The Big Hangover clearly came of a singular mind, Norman Krasna's, who wrote, produced, and directed, for what 3-2-50 Variety said was take-home of $280K, over a quarter of what Metro spent on the negative (a million total). MGM under Dore Schary was gambling on talent like Krasna, latter's comedies having clicked on stage and screen. Tightened costs were policy under Schary regime, outlays modest so as to break even at least, if not earn profit (The Big Hangover barely did --- $31K). Biz was soft as the pic played off in duals or, in New York and Chicago, as support for popular bands on stage. Latter cut deep into rentals because half of gate often went to the headliners, theatres seeking flat terms on the screen show to simplify weekly accounting. The Big Hangover gave Metro's East Coast selling division a headache for what staff called an unmarketable title. Variety's 7-5-50 headline summed up the trouble: "More Swag In A Good Tag," trade-speak for more boxoffice where a public understood better what they'd be getting for admission paid. Merchandising chief William F. Rodgers put pox both on The Big Hangover and The Asphalt Jungle for offering no tip as to pic content, and unappealing besides. Rodgers knew folks were picky enough without having to translate obscure labels. The Big Hangover had a story that frankly took explaining beyond the customary, and preferred, single sentence that summed up most comedies. Metro's two-years later When In Rome would meet a same barrier, and lose customers as result. The Big Hangover is available from Warner Archive.

5 Comments:

Blogger Donald Benson said...

As a kid, saw a bit of this on TV (Johnson blotto at a formal dinner, people laughing, and Taylor getting mad) and thereafter conflated it with "The Big Sleep". By the time I saw all of "Big Sleep" in my teens I had it sorted out, but until then I'd read TV description and struggle to imagine how that scene fit in.
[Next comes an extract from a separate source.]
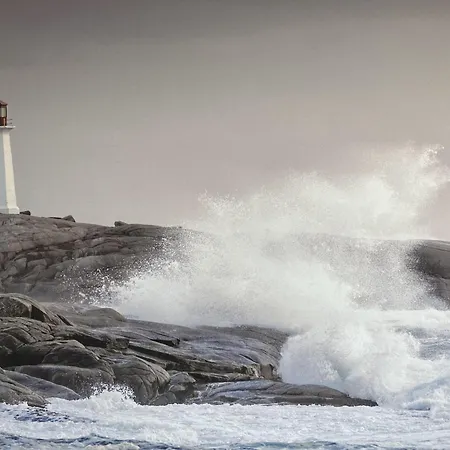 Strandhotel-superblick-60 Appartement Dahme (Schleswig-Holstein)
Recalling an old comedy bit where a bored viewer reads unpromising Late Show descriptions, all of which end in either "and tempers clash" or "Hilarity ensues".

3:32 PM  
Blogger coolcatdaddy said...

I guess "The Big Hangover" was better than the more descriptive title "The Easy Drunk".

4:29 PM  
Blogger Kevin K. said...

But look at that ad -- it says MOVIES ARE BETTER THAN EVER. Ergo, you must be wrong.

I kid! Actually, everything about this sounds terrible. But your hint regarding Leon Ames intrigues me. Perhaps the next time it runs on TMC, I'll DVR it for an evening when I'm home alone.

4:54 PM  
Blogger kenneth Von Gunden said...

Let's face it -- hardly anything about being drunk is funny in today's world of whole families being killed by someone so plastered he can't walk! The Wolf, man.

4:50 PM  
Blogger Kevin K. said...

Donald: "Hilarity ensues" has always been my go-to catch-phrase for any event. By the way, has the word "ensues" ever been used in connection with any word other than "hilarity"? Kind of like "grassy knoll".